> Required work
The listing below needs to be copied in full, exactly.

> Exercise data
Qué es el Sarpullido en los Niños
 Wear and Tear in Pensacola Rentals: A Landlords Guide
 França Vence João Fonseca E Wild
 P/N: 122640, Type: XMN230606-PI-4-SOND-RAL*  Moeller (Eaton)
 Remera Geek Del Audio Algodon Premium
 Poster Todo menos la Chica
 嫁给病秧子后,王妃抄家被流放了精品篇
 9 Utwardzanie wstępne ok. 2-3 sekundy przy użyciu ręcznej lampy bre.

> Solution to this exercise
Qué es el Sarpullido en los Niños
 Wear and Tear in Pensacola Rentals: A Landlords Guide
 França Vence João Fonseca E Wild
 P/N: 122640, Type: XMN230606-PI-4-SOND-RAL*  Moeller (Eaton)
 Remera Geek Del Audio Algodon Premium
 Poster Todo menos la Chica
 嫁给病秧子后,王妃抄家被流放了精品篇
 9 Utwardzanie wstępne ok. 2-3 sekundy przy użyciu ręcznej lampy bre.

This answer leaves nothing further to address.